Position ChatGPT as a Scenario Design Co-Pilot, Not a Risk Model

The first strategic step is to define what ChatGPT should and should not do in your scenario and stress testing process. It is powerful for generating stress narratives, identifying transmission channels, drafting reverse stress tests and challenging assumptions. It is not a replacement for your quantitative models or for regulatory capital calculations.

Position ChatGPT as a scenario design co-pilot that feeds into your existing P&L, balance sheet and cash flow engines. This mindset keeps model risk under control: humans and established models remain responsible for numbers, while ChatGPT amplifies creativity, coverage and documentation quality. It also makes it easier to explain to internal validation and regulators how AI is used: as an input to the framework, not as the final calculator.

Make Scenario Governance AI-Ready

To use ChatGPT in financial stress testing at scale, you need governance that recognises AI-generated content. Define who can initiate scenarios, who validates them, and how AI-assisted scenarios are logged, versioned and approved. Treat ChatGPT like any other model component: document its role, constraints and review steps.

Strategically, this means updating your model risk management and scenario governance policies to explicitly cover generative AI. For example, require that any scenario created with ChatGPT includes a human validation step, a short rationale, and explicit links to quantitative assumptions. This allows teams to benefit from speed and coverage without losing traceability or auditability.

Invest in Cross-Functional Readiness Between Finance, Risk and IT

Effective AI-based stress testing is not just a finance project. Risk, IT, data and internal audit must all be on board. Strategically, you want a cross-functional working group that defines how ChatGPT interacts with data sources, models and reporting tools, and how outputs are consumed by senior management.

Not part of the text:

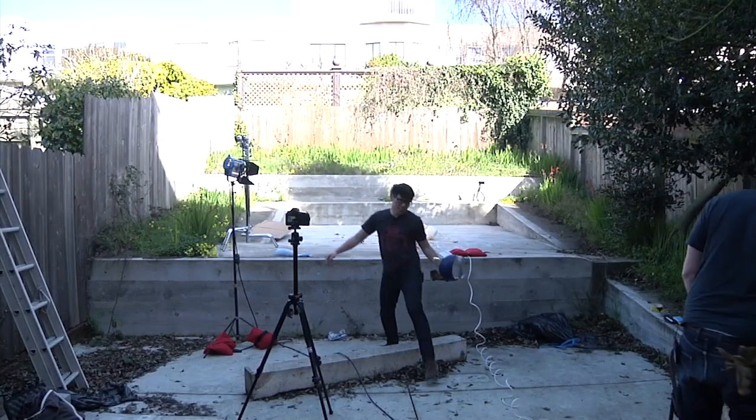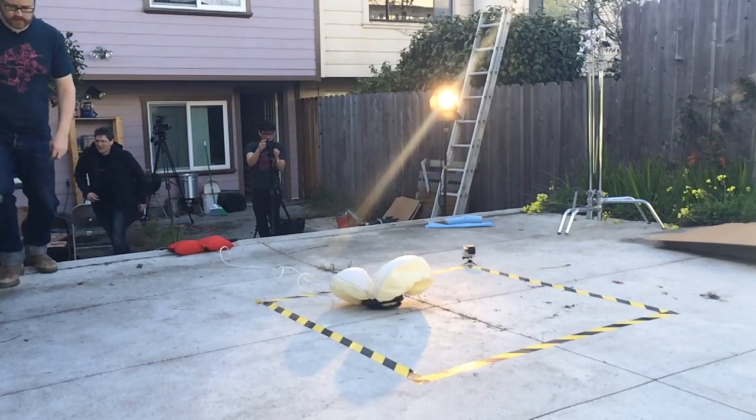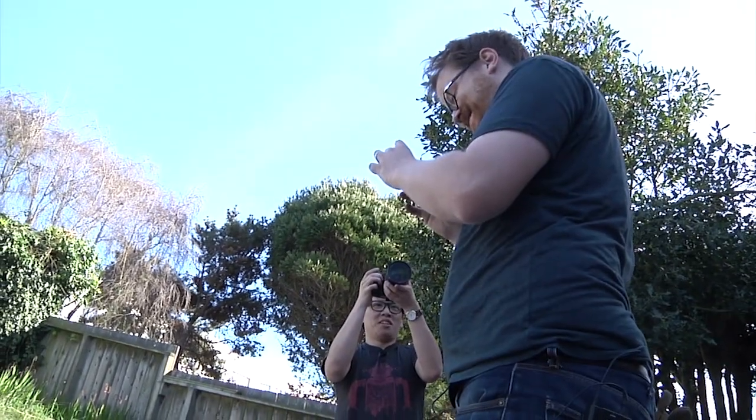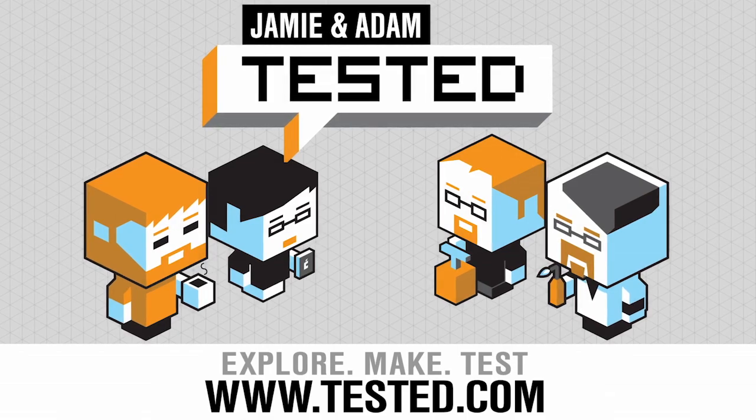That was pretty cool. That was pretty good. I'm gonna go grab my iPhone. That's the first one we can see. Not bad at all. Yeah, you can smell it for sure. That's great! That's terrific! The best part about this is you can see Joey cowering in the background.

Finance and risk teams bring domain expertise; IT and data teams ensure secure access, integration and logging; internal audit and compliance align usage with regulatory expectations. This cross-functional setup reduces the risk of shadow AI tools and one-off experiments and clears the path for a sustainable, enterprise-level capability.

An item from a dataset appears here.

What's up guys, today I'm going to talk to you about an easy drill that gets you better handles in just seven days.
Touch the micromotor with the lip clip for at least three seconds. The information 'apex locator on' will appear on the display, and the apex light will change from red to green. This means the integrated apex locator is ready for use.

Start with Narrow, High-Impact Use Cases

Instead of trying to “AI-ify” the entire stress-testing framework at once, identify narrow points where ChatGPT can immediately reduce manual work and improve quality. Common starting points include: generating multiple scenario variants from a base case, drafting reverse stress tests, or writing structured executive summaries and regulatory narratives based on your existing results.

Focusing on a few high-impact workflows gives you quick wins and evidence of value, while limiting change risk. With each narrow use case, you can refine prompts, validation steps and documentation standards. Over time, you can expand into more advanced uses, such as systematically exploring second-order effects or building a scenario library with consistent metadata.

Embed Risk Controls and Explainability from Day One

Strategically, regulators and boards will ask: “How do we know AI is not inventing unrealistic stress scenarios or missing critical risks?” The answer is to build controls and explainability into your ChatGPT use from the start. Require transparent prompts, fixed templates for outputs and explicit rationales for scenario assumptions.

For example, mandate that every AI-assisted scenario includes a section listing key drivers, historical analogues and expert validation notes. This makes it easier to evidence that ChatGPT is used responsibly and that model risk and financial risk are being actively managed, not increased.

Used with the right guardrails, ChatGPT can transform unreliable, manual stress testing into a more systematic, transparent and comprehensive process. It helps finance and risk teams design richer scenarios, challenge assumptions and communicate tail risks more clearly, without replacing your quantitative models. Reruption has deep, hands-on experience turning AI concepts into working tools inside real organisations, and we apply the same rigor to scenario and stress testing workflows. If you want to explore how ChatGPT could fit into your risk framework, we’re ready to help you design and validate a pragmatic, low-risk approach.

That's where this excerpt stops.